At the moment, we are getting bogged down in the regulations. We found this on the internet:
Energy Saving Ordinance 2014: Component Requirements Clarified
A welcome clarification is provided by the Energy Saving Ordinance 2014 in § 9 (Alteration, Extension, and Conversion of Buildings).
The first paragraph of § 9 (Alteration, Extension, and Conversion of Buildings) in the Energy Saving Ordinance 2009 led to the most common misunderstanding among both building owners and professionals: Owners of old buildings who wanted to renovate a part of their facade, roof, or some windows mistakenly believed that they had to renovate the entire facade, roof, or all windows according to the Energy Saving Ordinance 2009.
While the Energy Saving Ordinance 2009 referred in the mentioned paragraph to the “affected external components” and the requirements for thermal insulation, the Energy Saving Ordinance 2014 formulates the text more clearly in § 9: Alterations must be carried out, if applicable, so that “the thermal transmittance coefficients of the affected areas do not exceed the maximum thermal transmittance coefficients set for such external components in Annex 3.”
In short: Only those areas of an external component that are actually "touched" or energetically changed must meet the Energy Saving Ordinance requirements.
Basically, the question arises whether a change of use requires drastic changes to the building at all.

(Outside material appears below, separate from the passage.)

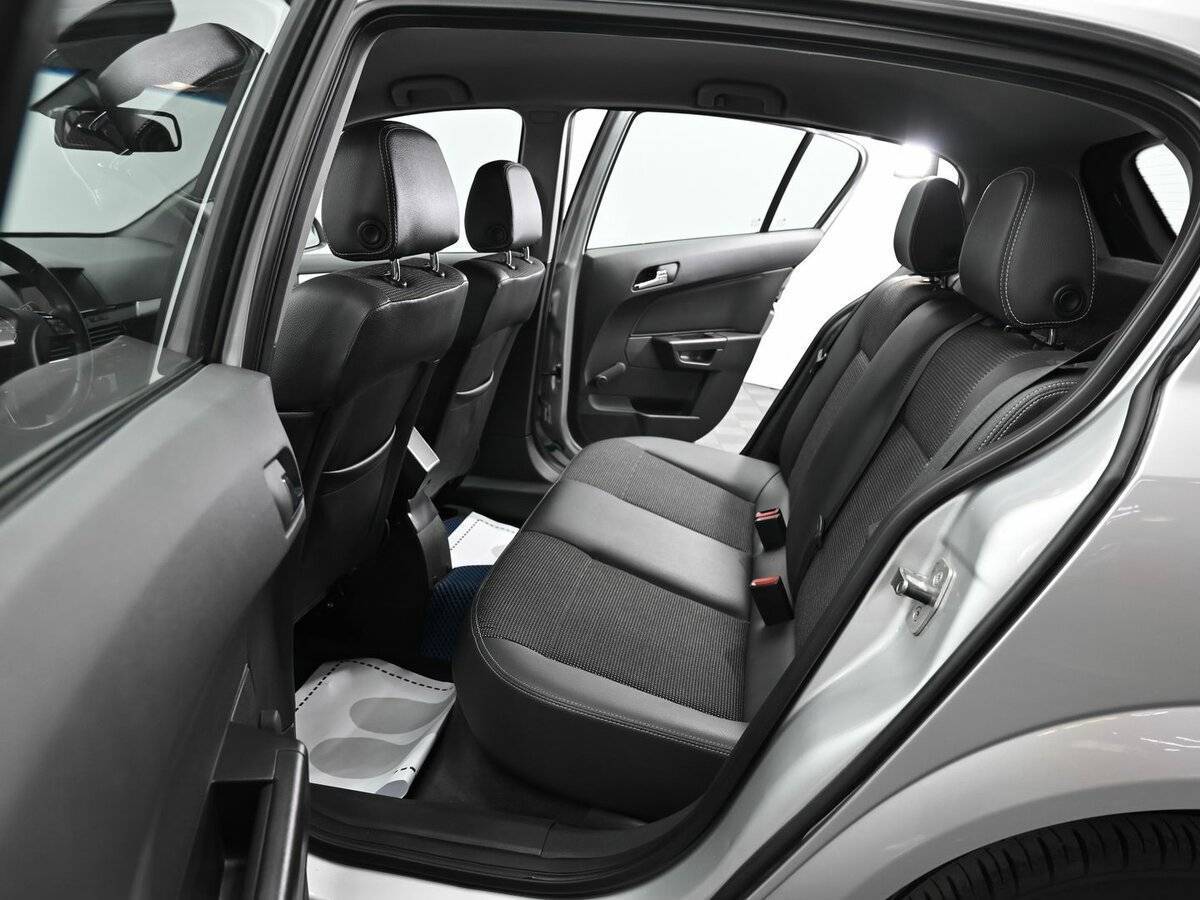 Opel Astra с пробегом — 2012 год. Фото: #12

Again, from the internet:
... the Energy Saving Ordinance (Energy Saving Ordinance 2014) provides in § 10 (Retrofitting of Systems and Buildings) only the following retrofitting obligations, if applicable:
- Replace old boilers,
- insulate uninsulated heating pipes,
- insulate uninsulated hot water pipes,
- insulate topmost floor ceilings.
If that is the case, we would only be obliged to insulate the topmost floor ceiling, everything else is either already new or as required by the Energy Saving Ordinance.
The question that arises concerns the change of use. If I convert an industrial building into living space, which regulations then apply? After all, you can't just declare any garage a house. On the other hand, the house is not a garage – after all, it has 60 cm thick walls with gas, water, shit, etc.
I strongly suspect that we could indeed put apartments in there without having to carry out massive Energy Saving Ordinance renovation work. The only question is, where is that stated?